PROBLEM STATEMENT. Locate the line containing "ambrosia gioielli by" in the material below. Copy that line and all following lines through the end exactly, omitting any pictures.

SUPPLIED DATA.
• • • •

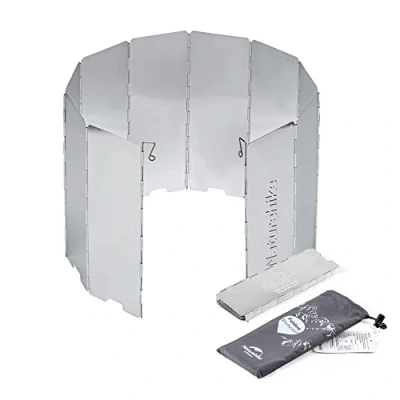 Afbeelding van Naturehike Camping windscherm, 10 platen, aluminium, campingbrander, windscherm met trekkoord, licht, opvouwbaar, compact, voor campingfornuizen, gasfornuizen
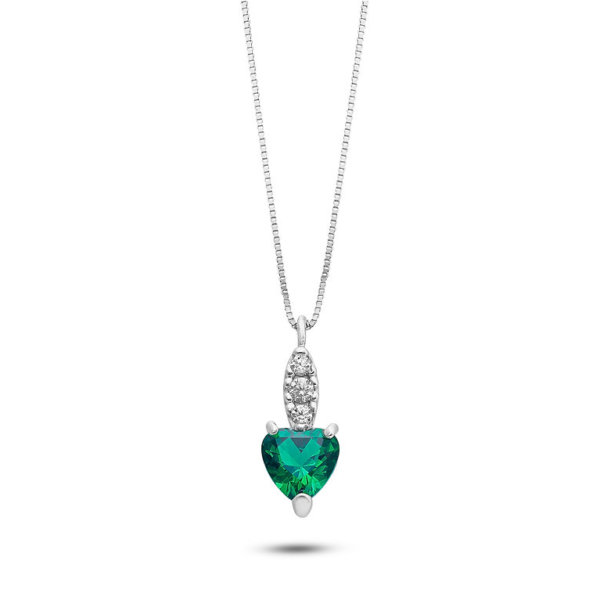 ambrosia gioielli by comete gioielli collana dea di luce cuore verde smeraldo oro 18 kt girogola oro 750 con zirconi AGZ 405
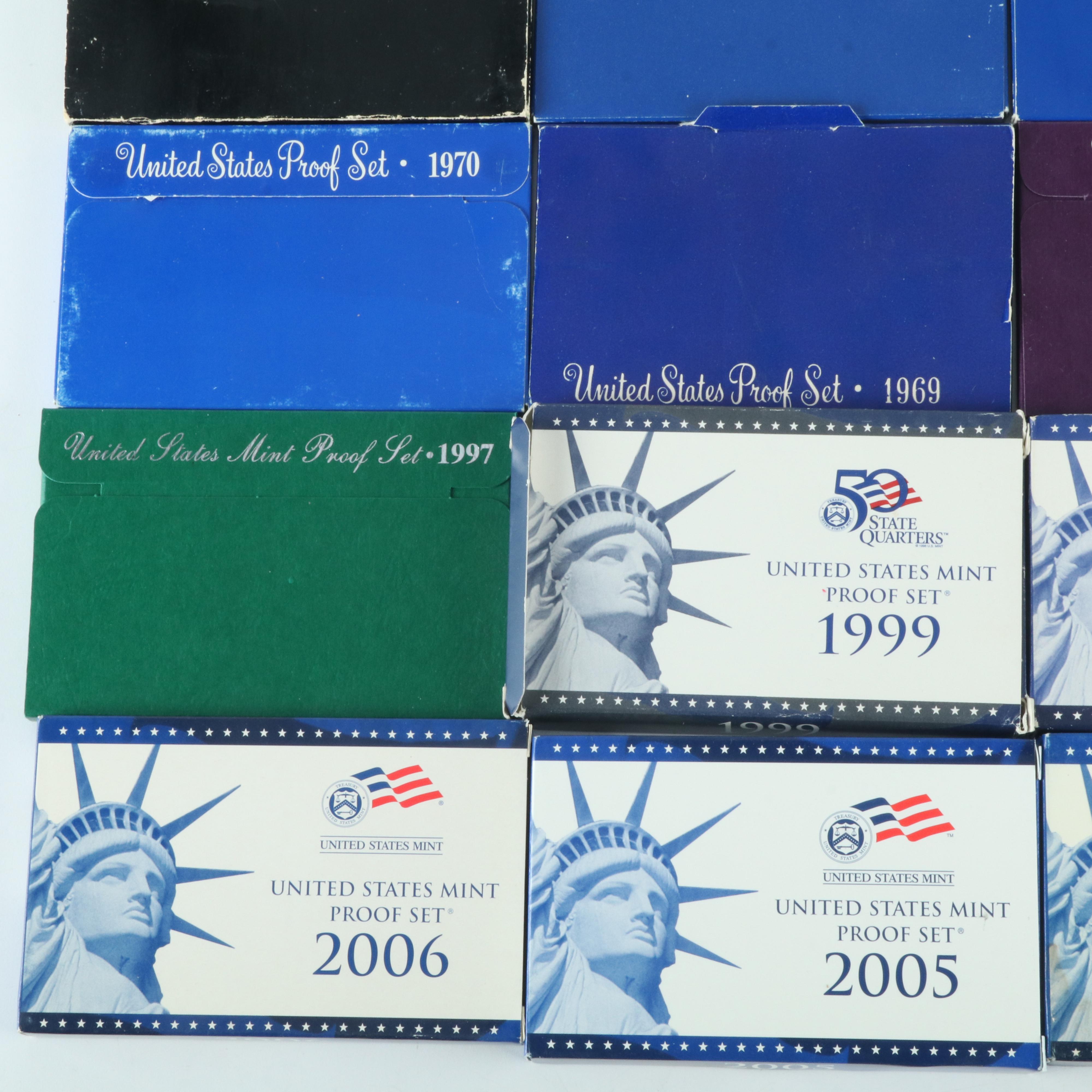 Thirty Different  United States Modern Proof Sets 1969-2007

• • • •

REPLY.
 ambrosia gioielli by comete gioielli collana dea di luce cuore verde smeraldo oro 18 kt girogola oro 750 con zirconi AGZ 405
 Thirty Different  United States Modern Proof Sets 1969-2007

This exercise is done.